Dalam catatan sejarah Indonesia dan dunia, kaum muda adalah simbol perubahan. Proses berkembangnya rasa nasionalisme Indonesia pada masa pemerintahan kolonial Belanda di negeri ini dimotori oleh kaum muda, beberapa diantaranya yang dapat disebut di sini yakni Soekarno, Hatta, Sjahrir, Tan Malaka, Agus Salim, Cut Nyak Dien, Aman Dimot, Tengku Ilyas Leube, dan yang lainnya. Mereka semua telah membawa bangsa Indonesia sadar akan jati dirinya. Maka untuk konteks masa kini, kaum muda yang berkecimpung di media Lintas Gayo merupakan motor perubahan yang siap mengantarkan masyarakat Gayo ke gerbang kecerdasan, menjadi masyarakat Gayo yang bangga akan sejarah dan identitasnya. Spirit kebanggaan yang sudah seharusnya mengilhami kita semua untuk membangun negeri antara.

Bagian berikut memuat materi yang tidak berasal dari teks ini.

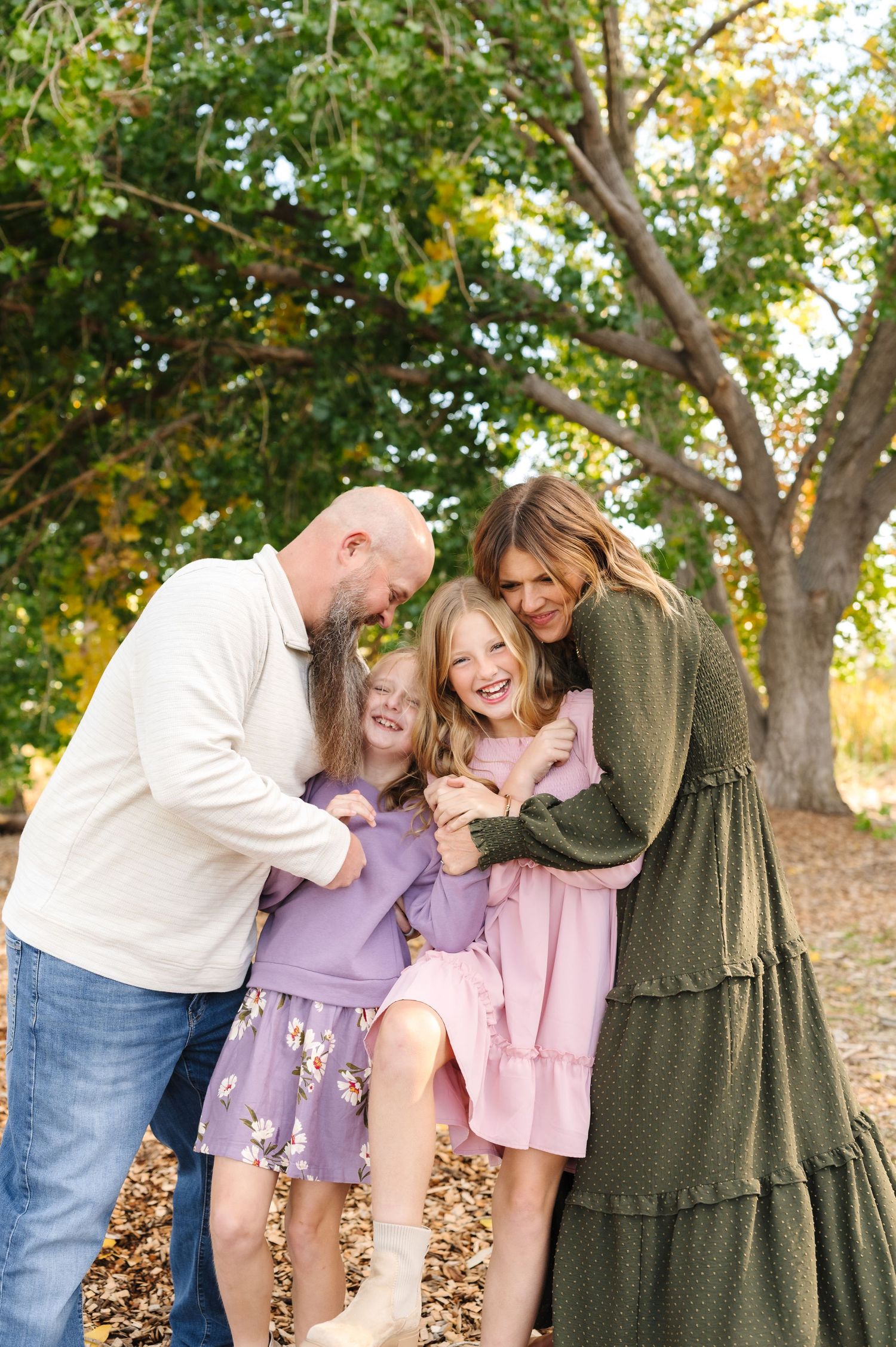 Family of four laughing together outdoors in fall, parents hugging two young girls in colorful dresses among autumn leaves.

Sebagai sebuah wadah yang di dalamnya terdiri atas orang-orang yang berpendidikan -para intelektual dan agen perubahan-, Lintas Gayo telah berkontribusi penting dalam pembangunan Tanah Gayo secara keseluruhan. Sumbangsih Lintas Gayo dapat diukur dari seberapa besar pengaruhnya terhadap perumusan kebijakan daerah, dan seberapa jauh manfaat yang dirasakan oleh masyarakat, sebagai bagian dari upaya mencerdaskan kehidupan bangsa.
Secara pribadi, sebagai warga Takengon penulis merasakan manfaat yang sangat besar dengan hadirnya Lintas Gayo di tengah-tengah masyarakat kita. Lintas Gayo telah berhasil mengisi kekosongan media lokal di Tanah Gayo, mewartakan banyak sekali informasi di sekitar kita yang tidak mampu dijangkau oleh media massa mana pun. Lintas Gayo adalah sebuah ruang publik yang mampu memperkuat kinerja pemerintah daerah, melalui kontribusi para penulis dan wartawannya yang sangat dedikatif, progresif, dan konstruktif.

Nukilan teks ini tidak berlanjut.